» **Work order**
Print the records below exactly, and do not carry over any picture.
###
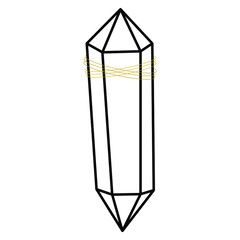 Crystal outline vector illustration minimalist icon. Linear sign of treasure gem. Mineral, diamond, quartz simple icon isolated on white background.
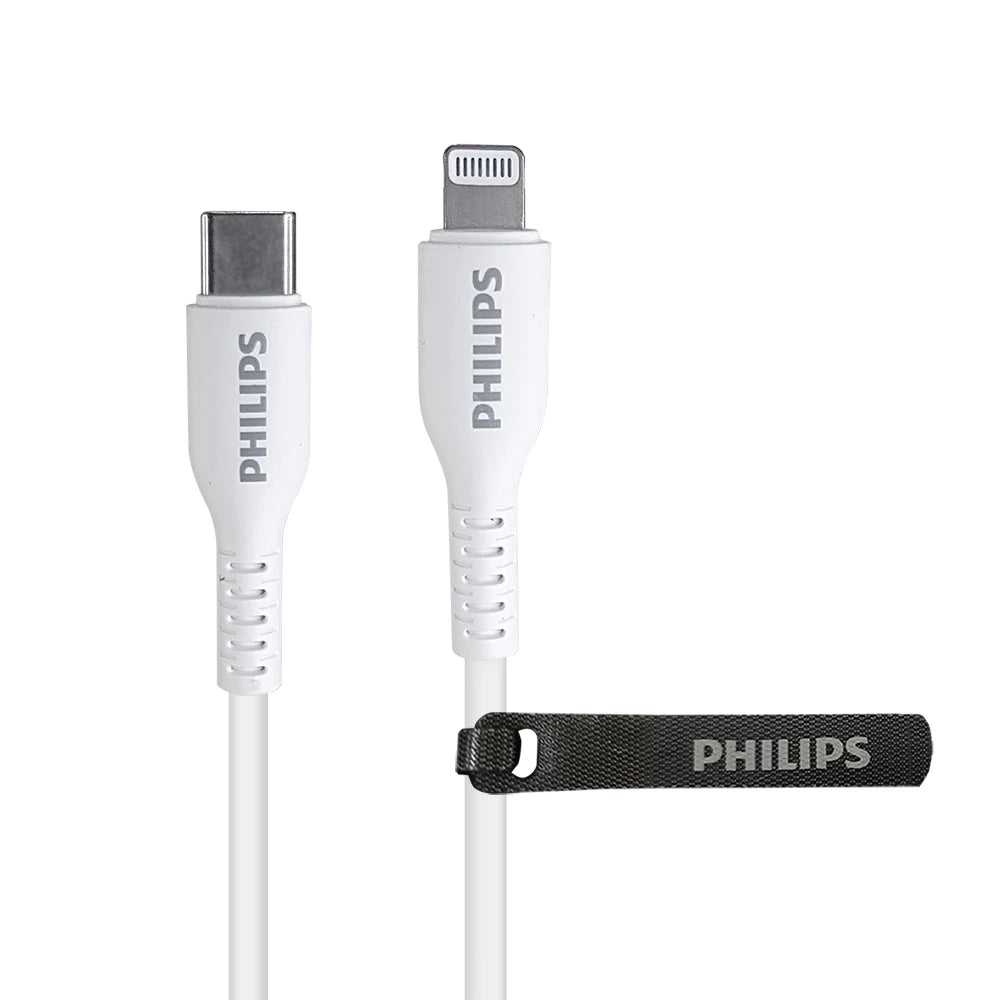 Philips DLC8631W USB-C to Lightning Cable 1.2M Soft Silicone Pastel Color - White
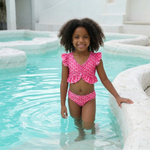 Load image into Gallery viewer, Coco in the Paradise tankini, with the adult removed from the background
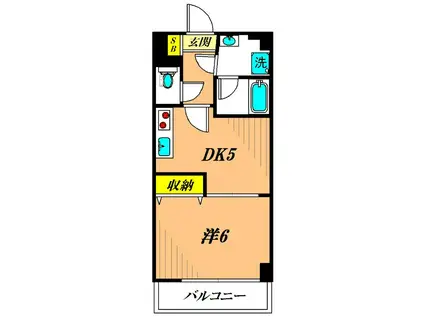 アミーゴ仲六郷(1DK/1階)の間取り写真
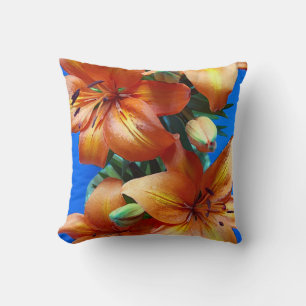 Naranja tigre lily imprimir almohada de lanzamient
###
» **Output of the task**
 Crystal outline vector illustration minimalist icon. Linear sign of treasure gem. Mineral, diamond, quartz simple icon isolated on white background.
 Philips DLC8631W USB-C to Lightning Cable 1.2M Soft Silicone Pastel Color - White
 Load image into Gallery viewer, Coco in the Paradise tankini, with the adult removed from the background
 アミーゴ仲六郷(1DK/1階)の間取り写真
 Naranja tigre lily imprimir almohada de lanzamient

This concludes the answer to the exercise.